La estabilidad interna se ha convertido en la máxima prioridad para la dirección de Más Madrid. Tras los recientes roces mediáticos, la ministra de Sanidad, Mónica García, ha invocado el principio ético de Primum non nocere —primero, no hacer daño— para calmar las aguas tras su desencuentro público con Emilio Delgado. Esta filosofía no solo busca evitar fracturas emocionales, sino blindar la estructura de una formación que fía su supervivencia a la democracia interna y al compromiso de sus bases.
La militancia como eje central de la soberanía política
El núcleo de la controversia actual no reside solo en los nombres, sino en el censo electoral. Mientras que voces como las de Emilio Delgado abogan por una apertura hacia los simpatizantes, García mantiene una postura firme: las decisiones de calado político deben recaer exclusivamente en los militantes activos. Para la ministra, la diferencia entre ambos perfiles no es un capricho burocrático, sino una cuestión de identidad política.
Según los reglamentos internos de la formación, ser considerado elector requiere haber participado activamente en al menos tres actos de la organización durante el último año. Esta cláusula de participación activa busca garantizar que quienes eligen a los candidatos conozcan la realidad diaria del proyecto, evitando que agentes externos o votantes pasivos condicionen el rumbo del partido.

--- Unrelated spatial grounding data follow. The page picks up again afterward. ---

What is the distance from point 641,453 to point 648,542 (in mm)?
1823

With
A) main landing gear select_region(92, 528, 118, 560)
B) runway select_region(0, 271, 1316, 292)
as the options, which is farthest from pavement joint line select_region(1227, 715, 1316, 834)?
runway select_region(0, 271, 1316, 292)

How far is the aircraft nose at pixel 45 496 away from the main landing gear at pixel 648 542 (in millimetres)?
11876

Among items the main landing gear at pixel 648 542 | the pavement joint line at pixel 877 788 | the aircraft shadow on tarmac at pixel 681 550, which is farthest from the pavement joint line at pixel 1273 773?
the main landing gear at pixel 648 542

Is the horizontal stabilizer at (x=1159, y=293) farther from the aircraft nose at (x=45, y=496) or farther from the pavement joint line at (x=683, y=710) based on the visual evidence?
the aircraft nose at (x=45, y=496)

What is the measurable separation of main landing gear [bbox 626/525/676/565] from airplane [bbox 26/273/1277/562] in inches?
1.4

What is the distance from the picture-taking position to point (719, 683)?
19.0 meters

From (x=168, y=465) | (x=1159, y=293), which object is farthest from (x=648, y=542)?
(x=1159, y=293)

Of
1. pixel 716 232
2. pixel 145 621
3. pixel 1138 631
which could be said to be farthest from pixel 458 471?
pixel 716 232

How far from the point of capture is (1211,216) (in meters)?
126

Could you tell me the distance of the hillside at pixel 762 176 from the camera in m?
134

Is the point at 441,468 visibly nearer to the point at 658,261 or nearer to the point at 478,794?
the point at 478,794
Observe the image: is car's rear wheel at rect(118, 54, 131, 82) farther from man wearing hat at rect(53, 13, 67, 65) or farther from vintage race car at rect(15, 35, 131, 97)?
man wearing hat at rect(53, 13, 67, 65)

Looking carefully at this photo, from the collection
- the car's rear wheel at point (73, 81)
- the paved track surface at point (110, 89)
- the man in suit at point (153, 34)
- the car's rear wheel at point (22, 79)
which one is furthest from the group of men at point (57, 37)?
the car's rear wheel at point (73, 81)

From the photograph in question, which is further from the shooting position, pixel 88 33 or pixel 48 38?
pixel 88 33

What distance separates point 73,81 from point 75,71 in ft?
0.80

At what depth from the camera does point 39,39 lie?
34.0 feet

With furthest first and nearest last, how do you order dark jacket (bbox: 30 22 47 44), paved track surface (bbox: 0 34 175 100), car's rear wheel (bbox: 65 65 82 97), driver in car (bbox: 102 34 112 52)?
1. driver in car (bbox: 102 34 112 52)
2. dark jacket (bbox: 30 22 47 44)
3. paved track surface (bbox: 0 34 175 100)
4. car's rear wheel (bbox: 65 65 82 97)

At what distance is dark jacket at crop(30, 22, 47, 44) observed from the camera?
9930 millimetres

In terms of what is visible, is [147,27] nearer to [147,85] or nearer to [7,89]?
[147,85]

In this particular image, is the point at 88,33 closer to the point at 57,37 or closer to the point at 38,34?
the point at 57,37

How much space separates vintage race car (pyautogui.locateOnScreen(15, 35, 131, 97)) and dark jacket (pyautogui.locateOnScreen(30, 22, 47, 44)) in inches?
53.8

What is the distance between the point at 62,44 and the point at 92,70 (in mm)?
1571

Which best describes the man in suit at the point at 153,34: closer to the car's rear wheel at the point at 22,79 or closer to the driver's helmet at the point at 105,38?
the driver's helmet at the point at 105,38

El pulso por la candidatura de 2027
La tensión entre García y Delgado ha aflorado prematuramente con la vista puesta en las elecciones de 2027. La voluntad de la ministra de volver a encabezar la lista regional choca con las aspiraciones de renovación que sugiere el portavoz adjunto en la Asamblea. Este escenario ha forzado un debate sobre la transparencia en los procesos de selección y la equidad en el acceso al censo.

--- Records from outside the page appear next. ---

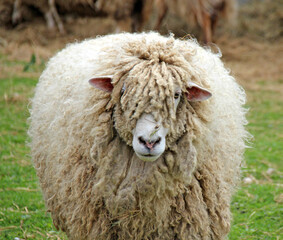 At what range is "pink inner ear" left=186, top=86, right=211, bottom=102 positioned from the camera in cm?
302

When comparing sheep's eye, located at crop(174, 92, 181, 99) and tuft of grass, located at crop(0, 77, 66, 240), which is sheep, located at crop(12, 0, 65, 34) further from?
sheep's eye, located at crop(174, 92, 181, 99)

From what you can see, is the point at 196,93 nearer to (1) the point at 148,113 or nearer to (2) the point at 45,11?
(1) the point at 148,113

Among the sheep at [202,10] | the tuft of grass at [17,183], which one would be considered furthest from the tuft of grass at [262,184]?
the sheep at [202,10]

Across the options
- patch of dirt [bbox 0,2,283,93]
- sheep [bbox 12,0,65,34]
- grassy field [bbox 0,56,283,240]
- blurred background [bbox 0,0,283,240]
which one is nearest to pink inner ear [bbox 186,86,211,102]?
blurred background [bbox 0,0,283,240]

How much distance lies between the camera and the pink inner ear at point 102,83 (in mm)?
3027

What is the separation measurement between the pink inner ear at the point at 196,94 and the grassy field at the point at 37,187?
1.48m

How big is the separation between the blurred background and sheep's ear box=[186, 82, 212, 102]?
0.75 m

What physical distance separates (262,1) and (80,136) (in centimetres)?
1306

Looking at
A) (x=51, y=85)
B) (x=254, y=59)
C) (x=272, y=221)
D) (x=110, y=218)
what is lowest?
(x=254, y=59)

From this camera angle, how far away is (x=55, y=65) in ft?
14.2

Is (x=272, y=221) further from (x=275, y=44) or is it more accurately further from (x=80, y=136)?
(x=275, y=44)

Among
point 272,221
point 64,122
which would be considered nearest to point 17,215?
point 64,122

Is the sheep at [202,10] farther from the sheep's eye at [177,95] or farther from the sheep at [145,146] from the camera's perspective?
the sheep's eye at [177,95]

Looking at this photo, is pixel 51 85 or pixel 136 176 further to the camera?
pixel 51 85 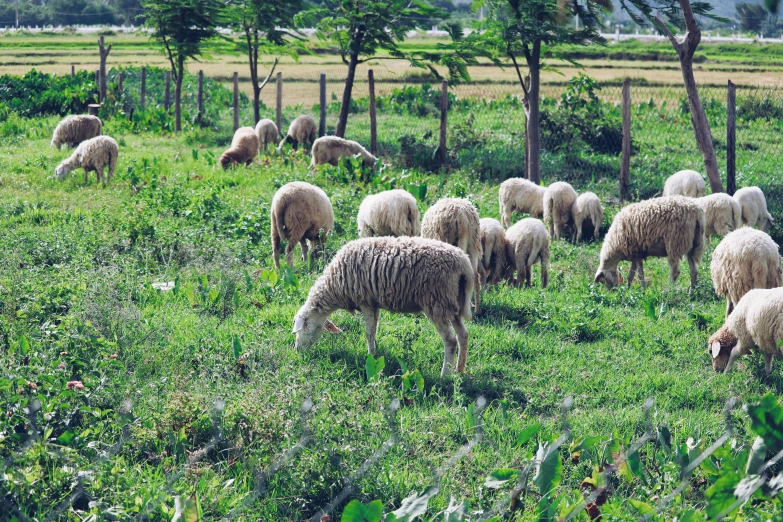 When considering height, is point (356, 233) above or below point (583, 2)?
below

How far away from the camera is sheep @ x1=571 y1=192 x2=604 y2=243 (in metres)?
11.7

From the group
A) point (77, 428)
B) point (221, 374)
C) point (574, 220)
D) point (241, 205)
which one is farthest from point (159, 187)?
point (77, 428)

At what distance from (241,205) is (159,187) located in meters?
1.76

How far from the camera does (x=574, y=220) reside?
39.4 ft

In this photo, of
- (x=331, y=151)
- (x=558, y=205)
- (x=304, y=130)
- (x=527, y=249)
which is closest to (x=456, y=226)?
(x=527, y=249)

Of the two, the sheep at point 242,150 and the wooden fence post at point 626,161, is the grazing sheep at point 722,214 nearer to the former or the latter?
the wooden fence post at point 626,161

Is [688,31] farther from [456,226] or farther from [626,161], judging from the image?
[456,226]

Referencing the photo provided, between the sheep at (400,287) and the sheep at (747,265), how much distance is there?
297 centimetres

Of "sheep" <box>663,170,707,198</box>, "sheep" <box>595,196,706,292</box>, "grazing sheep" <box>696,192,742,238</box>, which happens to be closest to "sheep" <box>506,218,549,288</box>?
"sheep" <box>595,196,706,292</box>

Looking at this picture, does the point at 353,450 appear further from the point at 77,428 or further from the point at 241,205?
the point at 241,205

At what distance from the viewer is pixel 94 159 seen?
538 inches

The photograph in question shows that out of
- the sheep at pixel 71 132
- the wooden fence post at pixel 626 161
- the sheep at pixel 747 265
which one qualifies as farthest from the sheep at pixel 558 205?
the sheep at pixel 71 132

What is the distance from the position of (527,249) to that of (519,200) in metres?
2.91

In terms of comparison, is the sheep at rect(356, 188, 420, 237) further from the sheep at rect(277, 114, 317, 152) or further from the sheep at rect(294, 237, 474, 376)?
the sheep at rect(277, 114, 317, 152)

- Legitimidad interna: García defiende que la participación es el ADN que evita que el partido se convierta en una estructura jerárquica convencional.
- Estrategia de bloque: La comparativa con el PSOE o el PP sirve a la ministra para reivindicar la autonomía de Más Madrid en la toma de sus propias determinaciones sin injerencias.
- Cohesión grupal: El objetivo es que el proceso de primarias fortalezca la organización en lugar de desgastarla ante la opinión pública.
Un modelo de participación bajo escrutinio
A pesar del intercambio de opiniones en televisión, Mónica García ha asegurado que el diálogo con Delgado nunca se ha interrumpido. El reto de la formación liderada por la ministra será demostrar que su sistema de primarias puede absorber la disidencia interna sin comprometer la unidad de acción. La exigencia de una militancia viva se presenta, por tanto, como el filtro necesario para asegurar que el proyecto mantenga su esencia regionalista y transformadora en el convulso tablero político madrileño.
En definitiva, la postura de la líder de Más Madrid subraya una visión de partido donde el carné y la presencia física en el territorio tienen más peso que la simpatía digital o el apoyo externo, estableciendo un precedente claro para las futuras batallas por el liderazgo en la izquierda madrileña.